Outro ponto, enquanto Humbert Humbert usa de esforço para suposta paternidade para esconder os abusos perpetrados sobre sua enteada, Gustavo abomina a ideia de paternidade. Ele não pretende esconder-se sob um manto que lhe traga segurança, mas apenas meter-se entre as pernas da enteada, mesmo que para isso precise lidar com Marcos, quem mais o lembra e aproxima daquilo que abomina na paternidade. A função de tutoria imposta ao pai confirmada na projeção que faz em seu encontro inicial com o rapaz, encurvado sobre um caderno, caneta na mão, rabiscando versos, tal qual fazia em sua adolescência e juventude, ou nos olhares desconcertantes que lhe lançam entre as paredes do apartamento, desconcertando-o. Há atração na repulsão e confusão na semelhança. Aqui, temos o filho, fetos não abortados, moldados à imagem e semelhança do pai, rejeitado pelo pai que não o reconhece. Um exercício feito por Gustavo ante o leito de morte do pai e em relação a Marcos violado por sua recusa, destruído pela sua ânsia de destruir a própria imagem.
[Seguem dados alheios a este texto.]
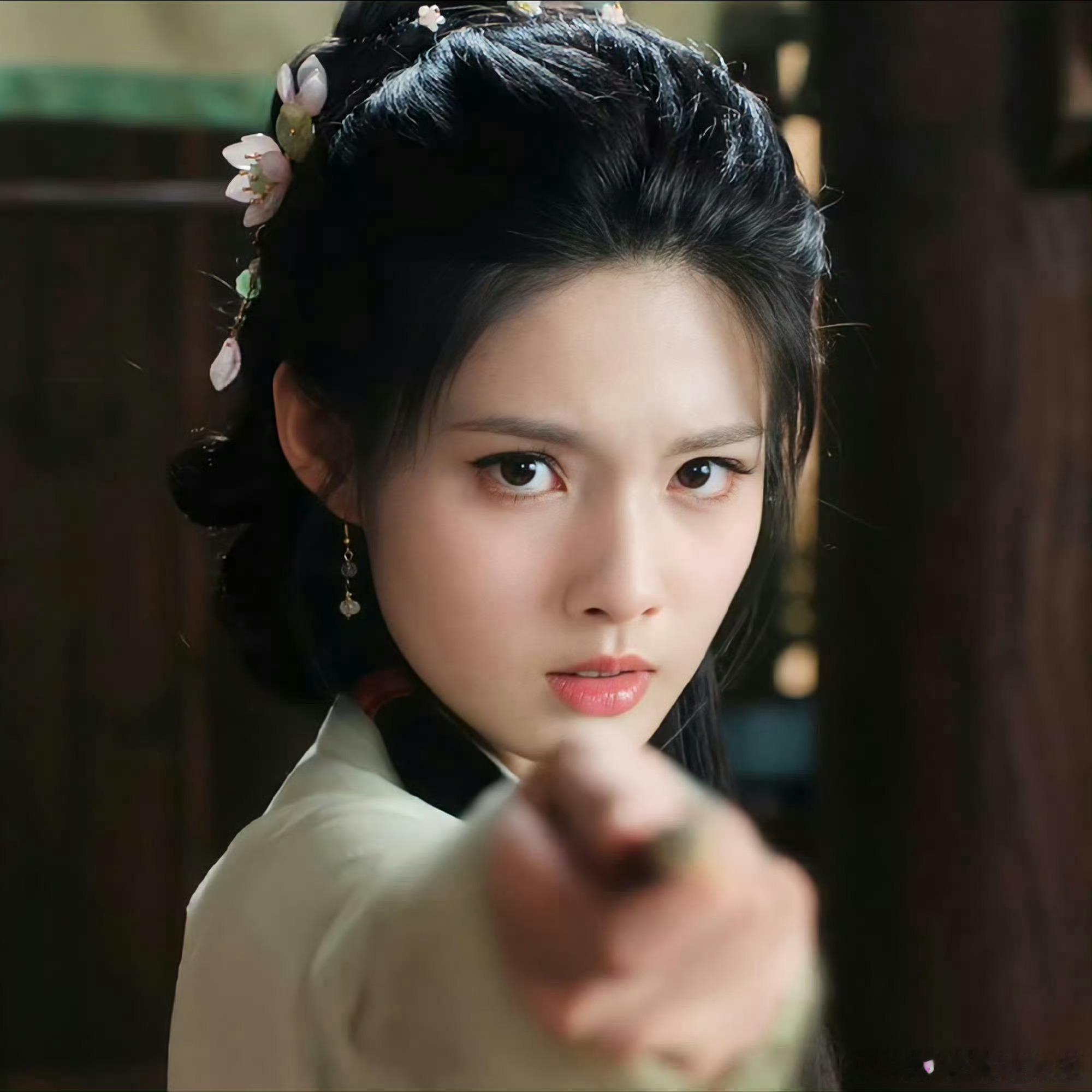 金莎艾米新剧强母无弱女金莎跳出甜美固有形象，塑造谋略满满的郡主母亲，悉心教导女儿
Todo sucesso exige sacrifício, demanda sangue, e Gustavo dispõe-se a derramá-lo. Sua mente confunde o real e pouco a pouco vai mergulhando-o numa intrigada trama. Não teme erguer o cutelo para o sacrifício do filho. E o que é o filho? Uma projeção de si? A sua obra e legado? O seu próprio relato? Ou cada de um de nós, seus espectadores, alimentados pelo fascínio que nos causa, abraçando a repugnância de suas palavras, acatando seu jogo de acusações e metáforas politicamente incorretas? Somos nós, os que corramos diante de suas tiradas, satisfeitos com as migalhas que nos oferece? Somos nós, essa manada de depravados e doentes?

Com astúcia, Roberto Menezes mais uma vez, e penso que com mais potência, nos entrega além de boa literatura, uma boa reflexão sobre seus limites, seus comprometimentos e saliente, sobretudo, para a sua incômoda liberdade. É como se nos dissesse que a única regra, é deixá-la imersa no caos.